[meteorite-list] Saturn's Spokes May Be Made By Lightning

Ron Baalke baalke at zagami.jpl.nasa.gov
Sat Nov 25 21:49:05 EST 2006


http://www.nature.com/news/2006/061120/full/061120-14.html

Saturn's spokes may be made by lightning
Thunderstorms on the giant planet may cause puzzling streaks in its rings.
Philip Ball 
Nature.com
24 November 2006

The mysterious spokes in Saturn's rings may be created by massive
thunderstorms in the planet's atmosphere.

If the theory is right, these faint features are the signature of
awesome events: lightning strokes ten thousand times more energetic than
those on Earth, releasing beams of electrons that surge up from Saturn's
surface to whack into the rings and blast out jets of electrically
charged dust.

The idea, proposed by Geraint Jones of the Max Planck Institute for
Solar System Research in Katlenburg-Lindau, Germany, and his colleagues
in Geophysical Research Letters[1], remains speculative. No one has
ever seen storm-induced electron beams on Saturn. But the researchers
say that the theory would explain some puzzling features of the spokes,
and that it fits with what is known about the effects of thunderstorms
on Earth.

The spokes of Saturn's rings were first discovered by the Voyager I and
II spacecraft when they passed close to the gas giant planet in 1980 and
1981. The spokes are "a very complex phenomenon, and a difficult thing
to untangle", says Carolyn Porco of the Space Science Institute in
Boulder, Colorado, who was the first person to work on these mysterious
features back in the Voyager days.

The spokes appear as bright or dark streaks about 100 km wide and up to
20,000 km long that cross the rings, making them look as though they
have been smeared by a giant finger. They are transient, building up
over a period of a few hours and then disappearing again several hours
later. And they aren't always there at all: between 1998 and 2004, when
NASA's Cassini spacecraft reached the planet, there was no sign of any.
Spokes reappeared in September 2005, when Cassini took snapshots of them.

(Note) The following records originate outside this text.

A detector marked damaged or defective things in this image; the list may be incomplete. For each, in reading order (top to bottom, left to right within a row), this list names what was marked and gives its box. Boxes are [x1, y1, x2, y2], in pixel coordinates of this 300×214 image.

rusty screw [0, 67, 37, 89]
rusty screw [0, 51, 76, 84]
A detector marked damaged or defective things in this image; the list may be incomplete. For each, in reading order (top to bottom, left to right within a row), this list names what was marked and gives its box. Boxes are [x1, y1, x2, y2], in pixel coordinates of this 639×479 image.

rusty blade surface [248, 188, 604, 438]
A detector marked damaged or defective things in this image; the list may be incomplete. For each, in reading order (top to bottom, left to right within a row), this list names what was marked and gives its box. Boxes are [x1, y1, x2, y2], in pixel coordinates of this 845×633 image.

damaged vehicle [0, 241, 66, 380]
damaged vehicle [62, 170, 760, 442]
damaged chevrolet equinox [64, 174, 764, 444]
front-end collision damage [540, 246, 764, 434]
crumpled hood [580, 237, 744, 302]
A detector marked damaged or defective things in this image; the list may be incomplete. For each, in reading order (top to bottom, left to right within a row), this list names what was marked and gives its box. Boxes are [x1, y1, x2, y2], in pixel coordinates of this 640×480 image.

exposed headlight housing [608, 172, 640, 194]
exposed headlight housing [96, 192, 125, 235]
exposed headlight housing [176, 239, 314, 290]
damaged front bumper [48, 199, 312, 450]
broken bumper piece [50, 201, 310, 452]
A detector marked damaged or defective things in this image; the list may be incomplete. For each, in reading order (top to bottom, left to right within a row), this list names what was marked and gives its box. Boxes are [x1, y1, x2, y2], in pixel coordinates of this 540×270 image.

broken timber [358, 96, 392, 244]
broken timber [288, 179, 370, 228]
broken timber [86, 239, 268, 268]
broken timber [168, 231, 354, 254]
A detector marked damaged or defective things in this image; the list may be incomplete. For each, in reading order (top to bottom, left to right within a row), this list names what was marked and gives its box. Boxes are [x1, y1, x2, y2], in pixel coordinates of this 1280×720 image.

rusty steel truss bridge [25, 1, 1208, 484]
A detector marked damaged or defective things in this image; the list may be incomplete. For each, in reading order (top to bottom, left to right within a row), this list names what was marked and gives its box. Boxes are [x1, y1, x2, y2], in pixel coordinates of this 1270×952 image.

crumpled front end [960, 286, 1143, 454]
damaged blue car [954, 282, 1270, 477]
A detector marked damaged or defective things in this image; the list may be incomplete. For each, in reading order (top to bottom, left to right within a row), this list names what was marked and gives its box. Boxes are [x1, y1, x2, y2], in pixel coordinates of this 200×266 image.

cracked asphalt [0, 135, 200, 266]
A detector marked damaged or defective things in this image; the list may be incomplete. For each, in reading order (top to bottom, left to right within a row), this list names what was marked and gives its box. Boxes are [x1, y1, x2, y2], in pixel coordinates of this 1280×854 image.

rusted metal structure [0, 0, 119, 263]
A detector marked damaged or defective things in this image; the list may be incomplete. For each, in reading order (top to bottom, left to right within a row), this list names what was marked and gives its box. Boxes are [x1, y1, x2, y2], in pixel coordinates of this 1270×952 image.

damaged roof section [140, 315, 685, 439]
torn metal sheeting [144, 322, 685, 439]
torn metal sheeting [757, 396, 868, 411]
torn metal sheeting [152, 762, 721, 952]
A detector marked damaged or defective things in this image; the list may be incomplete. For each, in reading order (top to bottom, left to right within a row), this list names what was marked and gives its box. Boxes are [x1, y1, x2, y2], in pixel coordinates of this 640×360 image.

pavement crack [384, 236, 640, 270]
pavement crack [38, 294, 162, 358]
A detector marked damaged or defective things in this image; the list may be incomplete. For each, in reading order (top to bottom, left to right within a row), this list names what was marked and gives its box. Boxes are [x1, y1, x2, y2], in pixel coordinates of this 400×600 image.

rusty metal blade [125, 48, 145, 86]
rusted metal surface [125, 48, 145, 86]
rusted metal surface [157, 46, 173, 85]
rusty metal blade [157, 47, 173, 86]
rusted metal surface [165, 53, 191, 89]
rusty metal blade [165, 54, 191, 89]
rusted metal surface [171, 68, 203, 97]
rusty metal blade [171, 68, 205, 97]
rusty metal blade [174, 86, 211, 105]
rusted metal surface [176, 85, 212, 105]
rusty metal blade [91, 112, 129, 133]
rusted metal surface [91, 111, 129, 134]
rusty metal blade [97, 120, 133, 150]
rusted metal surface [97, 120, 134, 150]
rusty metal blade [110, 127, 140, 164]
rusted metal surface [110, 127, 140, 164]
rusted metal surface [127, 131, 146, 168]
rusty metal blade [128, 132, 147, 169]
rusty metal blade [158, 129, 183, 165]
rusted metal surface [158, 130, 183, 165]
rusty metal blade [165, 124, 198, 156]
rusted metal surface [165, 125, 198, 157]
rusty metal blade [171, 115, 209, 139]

Researchers agree that the spokes are made of dust grains that have
become electrically charged and are pushed up out of the rings in long
streamers by electrostatic repulsion. But they don't know what causes
the charging.

Charged collision

One theory is that this happens when meteorites plough into the rings
and whip up a cloud of charged plasma, which then charges up the rings'
dust particles. But this, says Jones, can't explain why the spokes build
up gradually - it's implausible that several meteorites would strike the
rings in the same place in close succession.

An alternative explanation is based on the way that thunderstorms on
Earth can generate electron beams in the upper atmosphere. While regular
lightning bolts travel between clouds and the ground below, high-energy
particles streaming from space called cosmic rays can trigger electron
discharges above the clouds. These electrons stream outwards into space
along the field lines of the Earth's magnetic field. This can produce
flashes of gamma rays as well as glowing atmospheric features called
sprites.

Thunderstorms are also known to happen within the thick atmosphere of
Saturn, and Jones and colleagues say that these are likely to have the
same effect - cosmic rays coming in towards Saturn should likewise form
outgoing electron beams that could hit the rings, charging up dust grains.

Hit it again

The magnetic field lines above the Saturnian latitudes from 43-52° N and
from 38-46° S would carry the electron beams into Saturn's so-called B
ring, where the dust and pebbles rotate at the same rate as the planet
itself. This means a storm would keep whacking the same part of the ring
over and over again, allowing a spoke to build up. Storms at other
latitudes would hit different parts of a ring as it moves above the
planet's surface, so these spokes would be quite diffuse. The
researchers say that spokes in the B ring do indeed seem sharper than
those that spring up elsewhere.

Porco says that there was a suggestion in the Voyager data that Saturn's
spokes happen with about the same frequency as the planet's magnetic
field and storms, so there's tentative evidence for a link. "It's a good
thing that this connection is now being investigated," she says. She is
currently analysing the Cassini results to search for a firmer link.

So far, Jones and colleagues can only point to tantalizing hints of more
direct evidence: Cassini did detect two beams of electrons while
orbiting Saturn that could have been unleashed by thunderstorms beneath,
they say.

Firmer support for the hypothesis could come from the detection of
thunderstorms at locations on the surface where they would be linked by
magnetic field lines to spokes above. But this won't be easy. "I don't
know exactly what a thunderstorm on Saturn looks like," Jones admits,
"and I'm not sure anyone else does either."

References

   1. Jones G. H., et al. Geophys. Res. Lett., 33 . L21202 (2006).